Generalization to other technologies than Affymetrix

Created on: 2010-05-03
Last updated: 2010-10-24

Providing support for other microarray technologies such as Illumina and Agilent becomes a more frequently requested feature in the aroma framework. This is something we have been working on for a long time and more seriously starting in 2009. In order to achieve this we need a technology independent way of storing data. We have designed and implemented new simple binary file formats for this. What is missing is a complete suite of methods for importing external data into these file formats.

We already have part of the framework in place and today we can, for instance:

What we like to add:

  • Documentation, documentation and documentation.
  • Setup specific import methods for Illumina, Agilent etc. data file(s). This requires careful mapping of annotation data as well.

Performance improvements

Created on: 2010-11-22
Last updated: 2010-11-22

We always prioritize availability, generality, correctness, reproducibility, traceability and stability of the user as well as the developer API over speed performance.
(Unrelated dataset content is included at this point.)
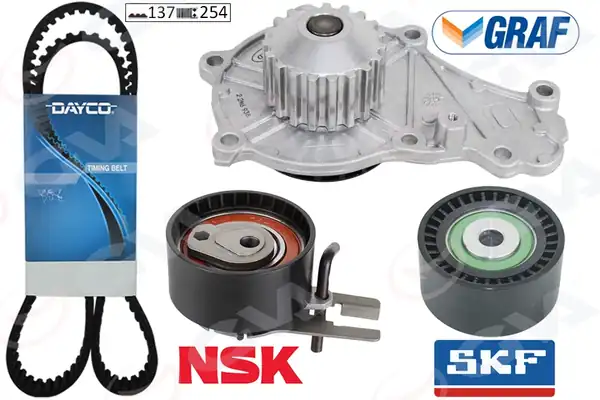 GVA 59WPK4315D | Devirdaimli Triger Seti 137x254 P206 P207 P307 P308 P407 P3008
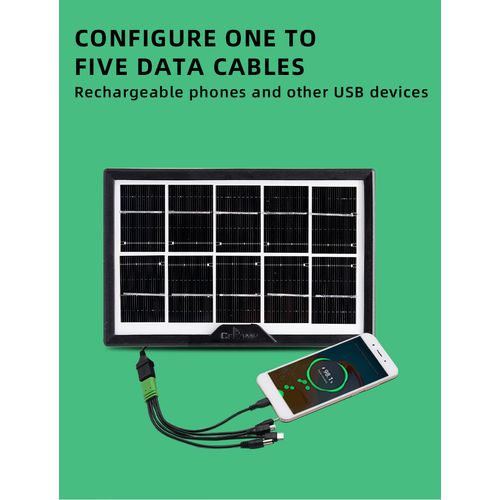 product_image_name-CcLamp-Solar Power Mobile Phone Charging Solar Panel With USB Cable-2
We believe that performance can always be improved after a method has been implemented in the first place and proved correct. Sometimes the performance improvements requires changes in the API. Here are a some performance improvement we would like to implement:

  • The probe-level modeling (PLM)/summarization of Affymetrix arrays was designed to work out-of-the-box with virtually any chip type/CDF. The price we pay for this is that lots of data is wrapped up and unwrapped multiple times into long nested heterogeneous list structures, which is time consuming in R. As a first significant improvement, one can identify homogeneous subsets of these list structures that have CDF elements of the same shapes and dimensions. This would speed up the wrapping/unwrapping of data. It would require to rewrite some of the "fit function" for PLMs.
    This idea has previously been discussed on the mailing list, cf. [ADD URLS].

Distributed processing

Created on: 2010-05-03
Last updated: 2010-05-04

Being able to processes the same data set on multiple machines would shorten the latency in any analysis pipeline. In order to safely distribute the processing to multiple machines sharing data over the local file system, one needs a synchronization mechanism that prevents inconsistency due to different machines overwrite already generated results.

What we like to add:

  • Synchronization mechanism that works on all operation systems and that communicates over a local file system without having to setup a master server.